It wasn't all that much better in the 1960's either for Lehigh, though Lafayette (despite the losses in 1961 and 1963 to Lehigh) would continue to field solid basketball teams through the early 1960s.  Once St. Joe's and Temple started to dominate the East Coast Conference - of which the Engineers and Leopards were members - however, Lafayette faded somewhat and fell back to the mediocre level of basketball that Lehigh had been mired all along.  In 1966, a Lafayette basketball alumnus and fresh coaching face named Pete Carril, showed up in Taylor Gym to take over a sad 4-17 Engineer squad whose freshman team was 0-17 - and whose best season since formally joining the ECC eight years ago was 7-13.  He had seen success as a member of those great Leopard teams - and had some coaching ideas of his own.

Carril would coach the Engineers to an amazing 11-12 record in 1967 - including two wins over his alma mater, who cratered to a 4-21 record at the same time - in a coaching effort which then-Delaware head basketball coach Dan Petersen called "the greatest coaching job I've ever seen in college basketball." A year later, Carril would head to Princeton - escaping Lehigh's basketball purgatory forever and giving teams fits in the NCAA tournament for years to come. 

The early 1970s saw modest expectations for Lehigh, with 6'7 Greg Falkenbach as their big star and a "winning record" as their goal, but Lafayette's basketball goals were still very different - the NCAA postseason.  Behind the duo of Jay Mottola and Tracy Tripucka, Lafayette would surge back into becoming a contender on the national stage in 1971 with a 21-6 record, and an appearance in the NIT - and a postseason victory, thanks to a Mottola free throw, to beat Virginia 72-71. 

Perhaps one reason for the lack of the intensity of "The Rivalry" in basketball is simple: when Lehigh's been up, Lafayette's been way down (for the short period of time that Lehigh was up), and when Lafayette was up - way up - Lehigh was smiling wanly and saying "I don't think so".
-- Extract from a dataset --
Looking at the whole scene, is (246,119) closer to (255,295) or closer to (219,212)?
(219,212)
What would finally break this pattern?  The expansion of the NCAA tournament from a second-tier tournament of regional interest to a national phenomenon with national TV coverage.

With the expansion of the NCAA tournament to 64 bids - and the advent of postseason tournaments for automatic bids - every year, there was hope, even for a team with a losing record, that they might have a chance to play for the NCAA championship.  As a member of the ECC, Lehigh and Lafayette had an automatic bid shot every year.

In 1985 - the first year the tourney expanded to 64 teams - Lehigh looked by all appearances to be having one of those "wan" years.  A young Lehigh team - with some good talent, like G Mike Polaha and G Darren Queenan - was 9-18.  Lafayette, at 15-12 and nursing a split against Lehigh during the regular season, was having a OK year.  But Lehigh's run through the ECC tournament - with wins over Drexel, Hofstra, and Bucknell - meant that Lehigh would be making their first-ever appearance in the NCAA tournament.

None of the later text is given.